» THE INPUT:
=== Section Start ===
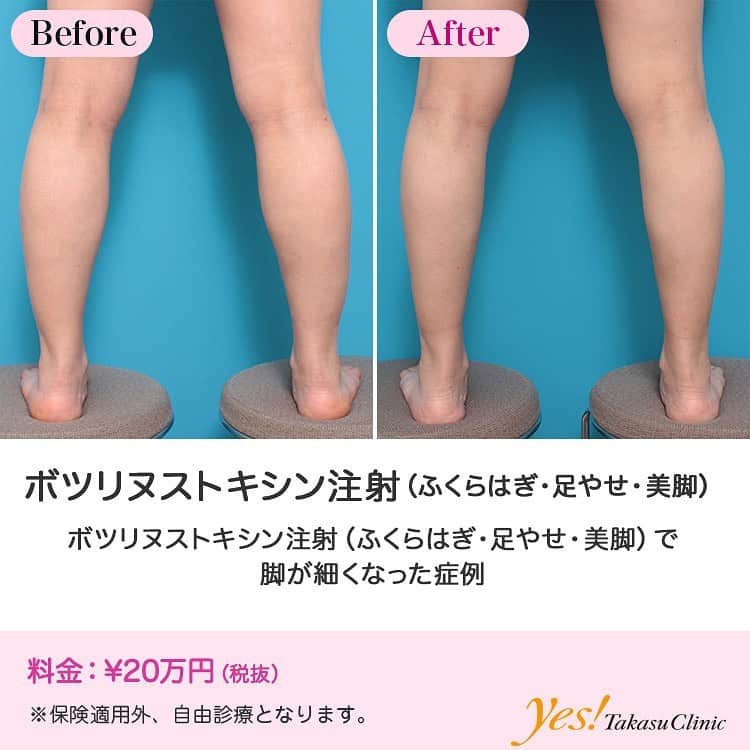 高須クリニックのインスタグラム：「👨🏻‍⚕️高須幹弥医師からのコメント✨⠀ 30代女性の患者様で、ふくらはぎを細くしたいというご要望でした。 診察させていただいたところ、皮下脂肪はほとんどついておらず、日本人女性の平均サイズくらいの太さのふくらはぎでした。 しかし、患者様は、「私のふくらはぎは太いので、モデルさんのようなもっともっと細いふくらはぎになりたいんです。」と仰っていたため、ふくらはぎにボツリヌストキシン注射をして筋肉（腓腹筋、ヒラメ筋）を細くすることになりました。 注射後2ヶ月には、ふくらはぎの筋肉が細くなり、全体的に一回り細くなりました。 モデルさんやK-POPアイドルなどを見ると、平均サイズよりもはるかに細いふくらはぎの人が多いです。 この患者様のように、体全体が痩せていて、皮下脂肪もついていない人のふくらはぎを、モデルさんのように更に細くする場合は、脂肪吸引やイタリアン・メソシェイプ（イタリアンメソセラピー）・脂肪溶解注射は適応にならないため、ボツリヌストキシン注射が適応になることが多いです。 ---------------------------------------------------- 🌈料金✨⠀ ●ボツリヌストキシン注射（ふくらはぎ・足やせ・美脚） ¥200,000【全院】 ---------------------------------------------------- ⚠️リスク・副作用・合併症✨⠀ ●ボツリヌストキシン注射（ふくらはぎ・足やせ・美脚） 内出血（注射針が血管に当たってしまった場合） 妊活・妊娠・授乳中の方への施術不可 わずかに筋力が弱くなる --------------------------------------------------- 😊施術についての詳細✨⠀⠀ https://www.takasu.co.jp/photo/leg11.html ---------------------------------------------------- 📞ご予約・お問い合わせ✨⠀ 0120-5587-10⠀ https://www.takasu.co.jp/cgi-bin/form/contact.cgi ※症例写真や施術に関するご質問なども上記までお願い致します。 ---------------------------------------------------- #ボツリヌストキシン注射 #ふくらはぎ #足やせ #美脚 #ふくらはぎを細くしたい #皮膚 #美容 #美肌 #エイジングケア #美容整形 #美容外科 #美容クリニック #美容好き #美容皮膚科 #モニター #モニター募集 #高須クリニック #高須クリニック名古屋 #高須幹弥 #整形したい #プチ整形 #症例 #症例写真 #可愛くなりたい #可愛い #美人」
=== Section End ===
=== Section Start ===
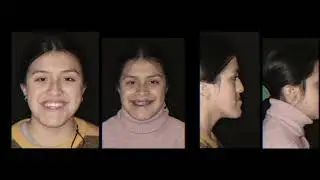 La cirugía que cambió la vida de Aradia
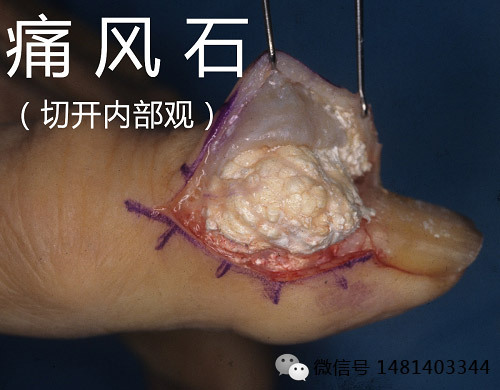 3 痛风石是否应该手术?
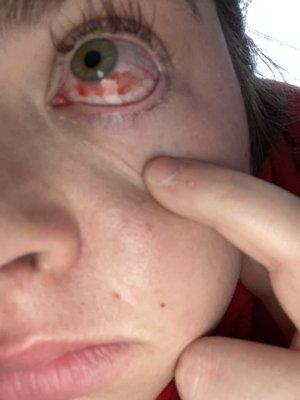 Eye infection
=== Section End ===
=== Section Start ===
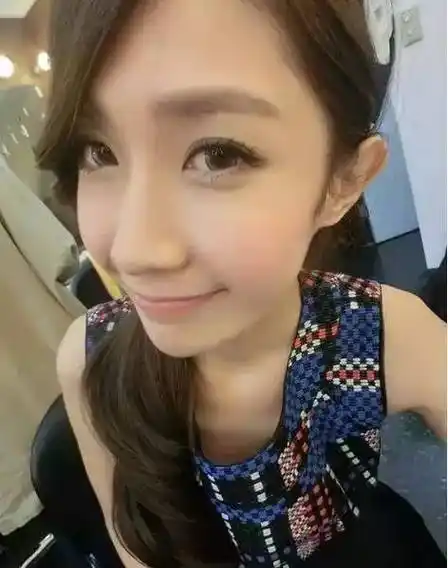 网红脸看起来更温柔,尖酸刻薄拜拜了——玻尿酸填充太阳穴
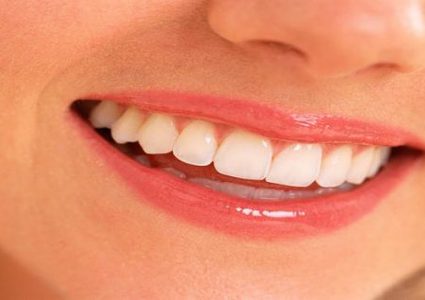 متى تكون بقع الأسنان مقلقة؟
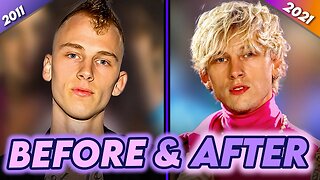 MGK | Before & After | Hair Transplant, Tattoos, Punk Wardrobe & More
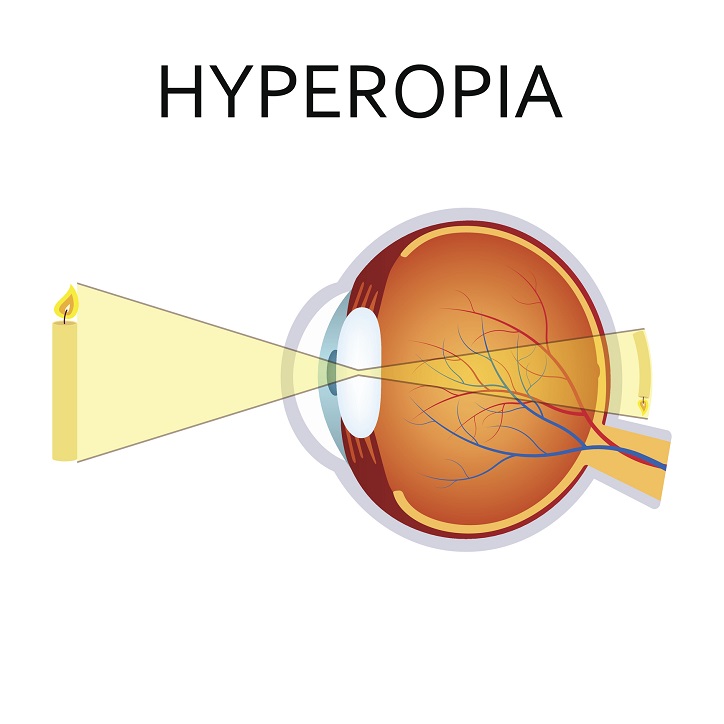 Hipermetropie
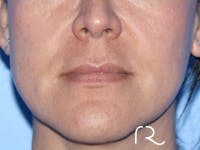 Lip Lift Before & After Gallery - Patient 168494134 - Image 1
=== Section End ===
» REQUIRED ACTION: While skipping the pictures, transcribe the data above from the line showing "MGK | Before" through the line showing "Lip Lift Before", exactly and with both ends.

» YOUR RESPONSE:
 MGK | Before & After | Hair Transplant, Tattoos, Punk Wardrobe & More
 Hipermetropie
 Lip Lift Before & After Gallery - Patient 168494134 - Image 1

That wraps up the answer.